Here is what have found so far:
Case 1: If we use consumer.assign(…) method to manually assign partitions to consumers - we can do all below actions:
consumer.seek(<specificPartition>, <myCustomOffset>); or:
consumer.seekToBeginning(<specificPartition>);
consumer.seekToEnd(<specificPartition>);
Basically, we have full control over which position to start the consumer form, BUT it is at the expense of not having the partition re-assignment done dynamically by Kafka
Case 2: If we use consumer.subscribe(…) method - Kafka will manage the re-balancing, however, we cannot do any of the three options above … :( So, we tried the following to “hack” around it - at the consumer start up time, before entering the poll() loop:
// get coordinator from the private field of the consumer:
ConsumerCoordinator coordinator = (ConsumerCoordinator) FieldUtils.readField(consumer, "coordinator", true);
// make sure all partitions are already
coordinator.ensurePartitionAssignment();
// get the list of partitions assigned to this specific consumer:
Set<TopicPartition> assignedTopicPartitions = consumer.assignment()

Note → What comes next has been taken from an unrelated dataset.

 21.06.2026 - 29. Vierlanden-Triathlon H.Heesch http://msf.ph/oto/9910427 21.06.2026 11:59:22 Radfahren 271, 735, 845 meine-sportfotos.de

// now we can go ahead and do the same three actions (seek(), sequined() or seekToBeginning()) on those partitions only for this consumer as above.
for (TopicPartition assignedPartition: assignedTopicPartitions) {
consumer.seek(<assignedPartition>, <myCustomOffset>) // or whatever
...
}
// now start the poll() loop:
while (true) {
ConsumerRecords<String, String> records = consumer.poll(pollIntervalMs);
for (ConsumerRecord<String, String> record : records) {
// processMessage(record.value(), record.offset());
}
}
This feels too hack-y for my taste, and, also, I am not sure if this logic will hold during the actual re-balancing , when, say, new consumers are added to the group.
Could somebody validate this approach or suggest a better way to accomplish what we need ?
thanks!
Upvotes: 4
Views: 10712
Reputation: 62330
Instead of using ConsumerCoordinator
you can just do an initial poll()
(and do not process anything) to get partitions assigned. Afterwards, use seek()
and start you poll-loop as shown in your code.
Upvotes: 3